We are trying to find independent linear forms $\phi_i\in V^*$, where $V$ is the space of dimension$~n$ that $A$ is a bilinear form on (of course no more than $n$ of them, although one might need less) such that $A(v,w)=\sum_i\mu_i\phi_i(v)\phi_i(w)$ where the $\mu_i$ are some nonzero real numbers (one could limit the choices to $\mu_i\in\{-1,+1\}$ but one can avoid having to take square roots if this restriction is not imposed). Once one has a sequence of such $\phi_i$, one can complete them to a basis of $V^*$, and then form the dual basis, a basis of $V$ form which the $\phi_i$ are coordinate functions; on that basis, the expression for $A$ has no cross terms. From the independence of the $\phi_i$ it follows that their number is equal to the rank of $A$; the procedure will proceed in steps, each of which produces $1$ or $2$ such linear forms, such that subtraction from $A$ of their contributions reduces the rank of the remainder by that number $1$ or $2$. Clearly this stops when the remainder becomes zero.

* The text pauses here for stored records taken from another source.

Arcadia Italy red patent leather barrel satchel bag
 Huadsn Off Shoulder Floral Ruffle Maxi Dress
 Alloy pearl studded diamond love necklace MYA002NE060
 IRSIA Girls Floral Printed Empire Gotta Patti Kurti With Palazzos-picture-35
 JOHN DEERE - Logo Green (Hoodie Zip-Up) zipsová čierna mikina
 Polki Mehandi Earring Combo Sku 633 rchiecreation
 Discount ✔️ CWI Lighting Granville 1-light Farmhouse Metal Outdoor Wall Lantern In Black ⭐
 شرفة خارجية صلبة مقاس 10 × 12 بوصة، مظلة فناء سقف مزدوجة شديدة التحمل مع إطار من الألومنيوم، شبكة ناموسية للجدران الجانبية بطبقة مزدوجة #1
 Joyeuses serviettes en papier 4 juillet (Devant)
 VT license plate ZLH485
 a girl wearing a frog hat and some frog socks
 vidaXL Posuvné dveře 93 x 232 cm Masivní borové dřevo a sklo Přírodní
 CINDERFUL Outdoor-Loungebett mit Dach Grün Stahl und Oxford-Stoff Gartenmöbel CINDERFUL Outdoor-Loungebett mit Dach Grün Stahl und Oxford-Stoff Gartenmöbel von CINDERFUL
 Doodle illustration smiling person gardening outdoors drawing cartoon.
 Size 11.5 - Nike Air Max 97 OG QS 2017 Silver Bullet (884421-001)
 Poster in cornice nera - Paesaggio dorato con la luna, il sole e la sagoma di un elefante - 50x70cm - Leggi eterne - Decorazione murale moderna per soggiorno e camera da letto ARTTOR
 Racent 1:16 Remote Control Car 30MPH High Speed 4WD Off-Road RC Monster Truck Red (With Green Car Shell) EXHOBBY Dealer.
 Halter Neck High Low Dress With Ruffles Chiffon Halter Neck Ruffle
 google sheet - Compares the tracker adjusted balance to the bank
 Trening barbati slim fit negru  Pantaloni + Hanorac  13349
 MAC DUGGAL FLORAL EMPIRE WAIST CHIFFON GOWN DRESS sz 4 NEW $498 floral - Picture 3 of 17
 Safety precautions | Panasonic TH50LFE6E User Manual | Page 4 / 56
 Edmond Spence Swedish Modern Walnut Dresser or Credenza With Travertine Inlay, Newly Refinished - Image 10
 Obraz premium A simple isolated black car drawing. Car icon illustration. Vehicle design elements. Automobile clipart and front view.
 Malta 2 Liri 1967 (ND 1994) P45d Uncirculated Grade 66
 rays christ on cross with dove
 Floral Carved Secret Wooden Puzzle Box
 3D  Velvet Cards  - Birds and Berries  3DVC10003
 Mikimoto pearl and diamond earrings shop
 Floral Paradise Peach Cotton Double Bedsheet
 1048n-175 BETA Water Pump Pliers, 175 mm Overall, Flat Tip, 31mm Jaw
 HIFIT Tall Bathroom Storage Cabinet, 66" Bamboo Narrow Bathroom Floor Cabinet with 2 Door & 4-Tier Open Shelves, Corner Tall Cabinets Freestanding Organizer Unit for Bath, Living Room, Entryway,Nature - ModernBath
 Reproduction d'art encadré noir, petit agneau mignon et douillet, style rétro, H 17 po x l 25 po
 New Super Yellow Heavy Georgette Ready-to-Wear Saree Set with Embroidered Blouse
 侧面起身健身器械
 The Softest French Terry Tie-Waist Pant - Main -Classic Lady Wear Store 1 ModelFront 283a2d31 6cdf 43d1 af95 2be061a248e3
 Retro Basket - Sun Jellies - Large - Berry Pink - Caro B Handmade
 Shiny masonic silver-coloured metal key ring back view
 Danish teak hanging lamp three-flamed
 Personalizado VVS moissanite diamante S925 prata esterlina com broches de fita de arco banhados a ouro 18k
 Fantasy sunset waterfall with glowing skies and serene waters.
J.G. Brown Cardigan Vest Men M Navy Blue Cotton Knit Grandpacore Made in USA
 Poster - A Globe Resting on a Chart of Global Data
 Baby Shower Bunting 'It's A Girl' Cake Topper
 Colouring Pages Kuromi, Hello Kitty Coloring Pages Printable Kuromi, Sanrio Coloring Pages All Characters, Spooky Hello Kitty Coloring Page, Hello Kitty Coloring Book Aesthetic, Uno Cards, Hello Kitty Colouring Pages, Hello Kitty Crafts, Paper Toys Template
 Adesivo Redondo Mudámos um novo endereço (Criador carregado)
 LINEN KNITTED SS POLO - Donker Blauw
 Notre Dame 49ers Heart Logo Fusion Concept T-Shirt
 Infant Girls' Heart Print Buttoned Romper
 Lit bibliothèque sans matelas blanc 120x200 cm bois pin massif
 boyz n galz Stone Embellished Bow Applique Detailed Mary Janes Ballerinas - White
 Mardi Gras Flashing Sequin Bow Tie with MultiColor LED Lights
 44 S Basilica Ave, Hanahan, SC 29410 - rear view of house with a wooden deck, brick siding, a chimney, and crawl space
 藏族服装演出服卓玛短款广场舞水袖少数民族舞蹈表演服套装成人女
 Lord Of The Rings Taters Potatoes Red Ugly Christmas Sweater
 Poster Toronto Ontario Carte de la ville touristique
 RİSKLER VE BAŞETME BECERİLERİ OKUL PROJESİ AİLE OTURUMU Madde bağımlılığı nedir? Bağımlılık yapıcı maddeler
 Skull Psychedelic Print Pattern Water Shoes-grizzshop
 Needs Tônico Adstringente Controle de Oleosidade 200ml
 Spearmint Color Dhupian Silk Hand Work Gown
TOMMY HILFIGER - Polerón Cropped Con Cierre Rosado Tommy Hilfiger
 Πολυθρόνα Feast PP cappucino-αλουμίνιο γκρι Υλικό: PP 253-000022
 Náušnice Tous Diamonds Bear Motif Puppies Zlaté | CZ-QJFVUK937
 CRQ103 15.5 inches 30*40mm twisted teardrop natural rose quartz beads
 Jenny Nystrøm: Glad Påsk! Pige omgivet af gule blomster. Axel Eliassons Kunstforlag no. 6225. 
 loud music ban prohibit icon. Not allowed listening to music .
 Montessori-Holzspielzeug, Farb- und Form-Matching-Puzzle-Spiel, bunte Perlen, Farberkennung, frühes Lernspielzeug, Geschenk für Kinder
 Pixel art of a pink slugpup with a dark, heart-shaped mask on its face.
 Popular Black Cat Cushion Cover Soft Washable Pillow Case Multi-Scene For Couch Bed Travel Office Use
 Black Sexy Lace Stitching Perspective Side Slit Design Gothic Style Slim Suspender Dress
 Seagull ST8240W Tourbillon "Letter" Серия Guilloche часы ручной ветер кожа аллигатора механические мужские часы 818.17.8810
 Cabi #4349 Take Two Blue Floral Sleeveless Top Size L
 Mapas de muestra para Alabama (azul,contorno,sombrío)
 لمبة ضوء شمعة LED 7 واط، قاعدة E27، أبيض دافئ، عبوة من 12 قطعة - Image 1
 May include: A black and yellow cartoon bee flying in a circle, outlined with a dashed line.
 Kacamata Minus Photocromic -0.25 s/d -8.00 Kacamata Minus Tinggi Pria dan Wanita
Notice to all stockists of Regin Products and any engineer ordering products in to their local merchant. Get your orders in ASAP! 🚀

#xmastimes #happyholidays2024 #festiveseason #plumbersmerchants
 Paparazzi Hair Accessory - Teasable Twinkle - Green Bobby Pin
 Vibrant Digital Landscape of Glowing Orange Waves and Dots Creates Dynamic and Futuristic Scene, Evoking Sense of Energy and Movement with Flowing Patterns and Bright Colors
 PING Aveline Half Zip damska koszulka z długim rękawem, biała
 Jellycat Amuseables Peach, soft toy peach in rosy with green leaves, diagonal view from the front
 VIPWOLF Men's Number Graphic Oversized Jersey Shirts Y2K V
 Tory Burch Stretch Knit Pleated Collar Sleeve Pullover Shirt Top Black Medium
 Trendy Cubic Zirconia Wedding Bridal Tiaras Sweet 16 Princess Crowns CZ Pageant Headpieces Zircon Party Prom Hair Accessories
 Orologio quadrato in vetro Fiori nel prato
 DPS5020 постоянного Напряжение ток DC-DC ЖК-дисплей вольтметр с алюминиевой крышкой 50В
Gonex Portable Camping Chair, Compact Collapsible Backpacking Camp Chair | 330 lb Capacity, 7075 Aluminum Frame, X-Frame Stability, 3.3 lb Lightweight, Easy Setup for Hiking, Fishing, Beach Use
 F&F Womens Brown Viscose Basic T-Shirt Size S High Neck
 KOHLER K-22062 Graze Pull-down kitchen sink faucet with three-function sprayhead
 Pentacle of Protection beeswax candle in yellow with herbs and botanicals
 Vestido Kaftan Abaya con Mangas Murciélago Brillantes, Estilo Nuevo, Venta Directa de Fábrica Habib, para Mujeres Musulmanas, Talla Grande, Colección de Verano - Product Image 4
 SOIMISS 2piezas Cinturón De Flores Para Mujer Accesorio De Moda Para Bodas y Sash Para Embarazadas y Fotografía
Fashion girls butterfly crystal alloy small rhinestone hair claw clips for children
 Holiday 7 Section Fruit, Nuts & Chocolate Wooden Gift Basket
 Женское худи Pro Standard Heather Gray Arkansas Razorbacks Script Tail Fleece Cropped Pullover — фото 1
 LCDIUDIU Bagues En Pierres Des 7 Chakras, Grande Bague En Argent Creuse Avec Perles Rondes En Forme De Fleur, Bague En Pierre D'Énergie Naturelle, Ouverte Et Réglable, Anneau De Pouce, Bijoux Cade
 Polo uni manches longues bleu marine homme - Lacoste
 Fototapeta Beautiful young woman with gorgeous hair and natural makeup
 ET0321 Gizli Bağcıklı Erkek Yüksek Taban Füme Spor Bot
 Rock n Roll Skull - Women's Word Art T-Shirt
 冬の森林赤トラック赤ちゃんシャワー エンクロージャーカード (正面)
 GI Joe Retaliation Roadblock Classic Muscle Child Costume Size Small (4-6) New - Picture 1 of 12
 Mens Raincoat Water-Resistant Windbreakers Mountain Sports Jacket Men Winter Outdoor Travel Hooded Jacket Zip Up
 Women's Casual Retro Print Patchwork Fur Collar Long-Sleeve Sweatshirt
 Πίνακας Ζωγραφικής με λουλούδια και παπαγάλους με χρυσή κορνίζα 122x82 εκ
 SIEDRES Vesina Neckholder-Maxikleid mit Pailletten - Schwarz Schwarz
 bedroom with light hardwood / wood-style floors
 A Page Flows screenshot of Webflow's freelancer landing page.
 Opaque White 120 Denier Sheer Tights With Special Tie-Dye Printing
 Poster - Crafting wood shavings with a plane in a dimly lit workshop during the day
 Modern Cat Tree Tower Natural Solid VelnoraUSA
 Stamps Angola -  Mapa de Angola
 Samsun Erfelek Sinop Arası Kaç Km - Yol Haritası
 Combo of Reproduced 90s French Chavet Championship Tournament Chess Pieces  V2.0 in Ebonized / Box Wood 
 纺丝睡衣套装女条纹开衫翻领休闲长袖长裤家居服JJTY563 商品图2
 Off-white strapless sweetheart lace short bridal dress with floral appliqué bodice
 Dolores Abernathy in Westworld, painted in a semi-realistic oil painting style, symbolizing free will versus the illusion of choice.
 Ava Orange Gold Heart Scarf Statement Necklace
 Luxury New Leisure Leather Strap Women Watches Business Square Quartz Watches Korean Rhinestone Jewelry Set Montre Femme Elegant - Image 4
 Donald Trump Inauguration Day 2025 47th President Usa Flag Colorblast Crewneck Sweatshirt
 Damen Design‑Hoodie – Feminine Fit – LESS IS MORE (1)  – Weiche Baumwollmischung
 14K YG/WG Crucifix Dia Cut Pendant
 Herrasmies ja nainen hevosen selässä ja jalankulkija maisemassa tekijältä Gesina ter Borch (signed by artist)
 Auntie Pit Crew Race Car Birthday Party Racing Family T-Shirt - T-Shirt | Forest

In matrix terms, this is my favourite formulation. Considering matrix expressing the remainder of $A$ (on the initial basis of $V$); if it has any nonzero diagonal entries a step of producing one linear form is taken, otherwise if the matrix is nonzero a step producing two linear forms is taken. For the step producing a single linear form, pick a nonzero diagonal entry$~d$, let $R$ be the row containing it, and $R^\top$ its column; then $\frac1dR^\top R$ is the unique symmetric matrix of rank$~1$ that coincides with the remainder of $A$ in that row and column. Subtracting that matrix will therefore clear that row and column of $A$, and decrease the rank by$~1$. Here $R$ is the matrix of a linear form $\phi$, and we have contributed a rank$~1$ bilinear form $(v,w)\mapsto\frac1d\phi(v)\phi(w)$.

The case where there are nonzero entries but only off the main diagonal is similar. Pick such an off-diagonal nonzero coefficient $c$ at position $(k,l)$ with $k<l$ (the same coefficient $c$ is at position $(l,k)$ as well), let $R_k$ and $R_l$ be their respective rows; then $\frac1c(R_l^\top R_k+R_k^\top R_l)$ is a rank $2$ matrix that coincides with the remainder of $A$ in rows and columns $k$ and $l$ (this uses that the diagonal entries at $(k,k)$ and $(l,l)$ were zero). Subtracting that matrix will therefore clear those rows and columns of $A$, and decrease the rank by$~2$. If $R_k$ and $R_l$ are matrices of linear forms $\phi,\psi$, then we have contributed a linear forms $\phi+\psi$ with coefficient $\frac1{2d}$, and $\phi-\psi$ with coefficient $-\frac1{2d}$. (The rank$~2$ bilinear form $(v,w)\mapsto\frac1{2d}(\phi+\psi)(v)(\phi+\psi)(w)-(\phi-\psi)(v)(\phi-\psi)(w)$ is the one whose matrix we subtracted.)